What we’ve been asking ourselves

  • How can we allow for emergence (deepening and adapting our support) in our partnerships as they and the world around them shift?
  • How can we support organizations and individuals to prevent burnout, as opposed to addressing its symptoms and responding when it’s too late?
  • How can we be sure to ask our partners the questions that truly offer them the space to vision, plan, and build, as opposed to being transactional, reactionary, or answering from scarcity or fear?
  • What are the ways we can support beyond money?

Economic Entity

We are committed to transparency and accountability in how we spend, invest, and earn money, breaking free from the secrecy around budgets and investments in philanthropy. 

In our first year, we took our time to select vendors, contractors, and consultants through a lens of returning resources.

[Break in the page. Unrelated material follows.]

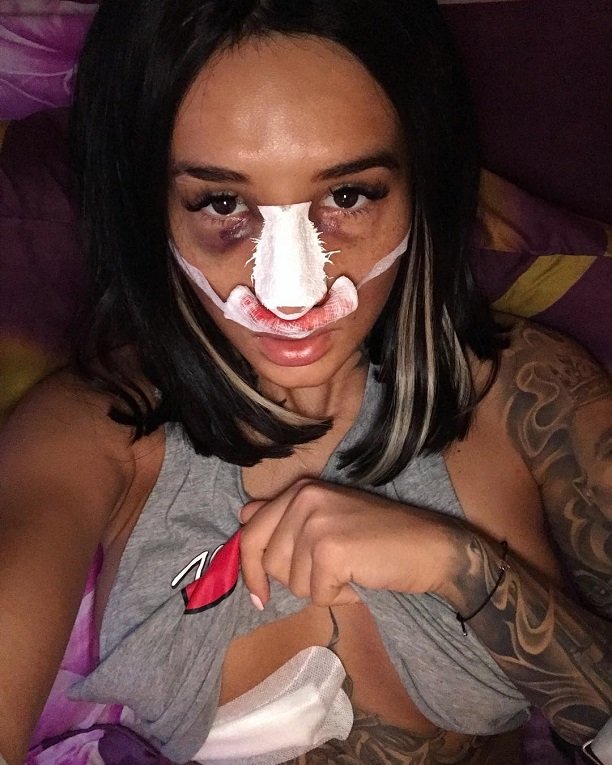 Марина Мексика шокировала последствиями второй операции на нос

We shifted our language from an operations budget to a people budget to honor the humanity of our team members. 

  • We also launched a partnership with Adasina — a “Black-owned investment firm that is majority-operated by women, people of color, and members of the LGBTQ+ community.” They develop investment portfolios that support social justice and divert funding from harmful entities (e.g. private prisons, fossil fuels, big pharma). In this relationship, we’re learning the ins and outs of building wealth, investing in the stock market, and shareholder activism — and we’re sharing these learnings with our partners.
  • We joined the Just Transition Investment Community, hosted by Justice Funders. It’s been a privilege to learn from national movement leaders, innovative foundations, and explore frameworks that allow us to invest directly in our communities, without perpetuating extractive capitalism.

What we’ve been asking ourselves

  • As a spend-up-and-out foundation, how might we plan for impermanence as an organization, while the forces of capitalism, racism, and oppression are raging?
  • What budget scenarios (balancing investing and grantmaking) will adequately resource people, place, and power?
  • What can ethical wealth-building for BIPOC communities look like under capitalism?